Monday, October 20, 2014

The USA military does NOT get it on climate change

Last January, I attended a climate change conference that featured a TV personality who had come to agree with the climate scientists after a lifetime of denial.  Not surprisingly (I guess) he peppered his speech with appeals to deniers like he once was—quoting the Bible, Ronald Reagan, etc.  At one point, he cited some examples of how the Navy was planning for the changes that climate change would bring to their operations.  "The Navy gets climate change," he shouted excitedly.

I thought I was going to be sick.  After a lifetime of passionate interest in the history of USA aerospace, there was one thing I KNEW about the military—almost every bit of their equipment requires massive amounts of premium fuels.  Navy jets, because they must operate off carrier decks, are some of the biggest gas hogs in the air.  Suggesting that these exemplars of conspicuous waste understood the issues of climate change was a bit like suggesting that Hugh Hefner was an expert on growing old gracefully with your lifetime partner.

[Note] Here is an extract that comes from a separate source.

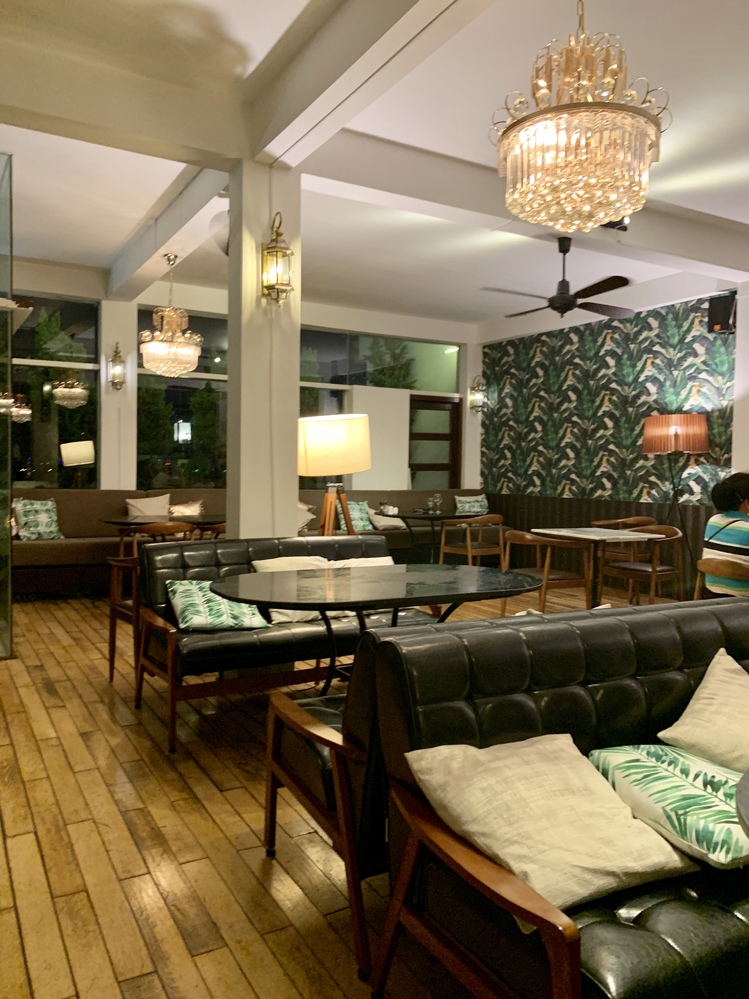 Cabanon Palace（キャバノンパレス）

In fairness I would imagine that the Navy, as part of the USA industrial state, is probably much closer to "getting it" on climate change than the folks who think a solution will come from marching behind large puppets and clever signs through the streets of New York.  Even so, I will not give the military much credit for understanding climate change until they stop using massive displays of waste as a form of chest-pounding.  I mean, considering that 99% of their potential targets are essentially defenseless, why exactly do they need supersonic aircraft?  How much fuel is required to demonstrate readiness or ferociousness?

Sunday, October 19, 2014

Wind power in Scandinavia

A friend who spent a significant part of his childhood with his father—a very successful Mexico City architect / property developer—is someone who can always be counted on to provide the views of the Latin American oligarchical classes.  One day we were discussing the boast made by Hugo Chavez that Venezuela had the investment capital to provide her with the "industrial density of Sweden."  Friend laughed uproariously and then said, "Well, that may be true because she has an almost continuous trade surplus from her oil exports and can buy whatever machines she could possibly want, but what she is missing are the Swedes to run them."  (This is the sort of remark that almost always elicits a nod of approval in Minneapolis so friend was probably being more charming than analytical, but it certainly has a large element of fact built in.)

I thought about that remark today while reading how the Nordic countries plan to manage the VERY tricky transition from coal and gas to wind power as the way to power their societies.  A lot of fossil-fueled electrical generating capacity must soon be mothballed yet this does not seem to cause much distress.  For the Nordics, reducing the national carbon footprint is just another problem to be solved—and these are people who solve complex problems for pure enjoyment.

As my friend would point out, almost everyone has the same set of energy problems.  What they are missing are the Swedes (Norwegians, Danes, Finns).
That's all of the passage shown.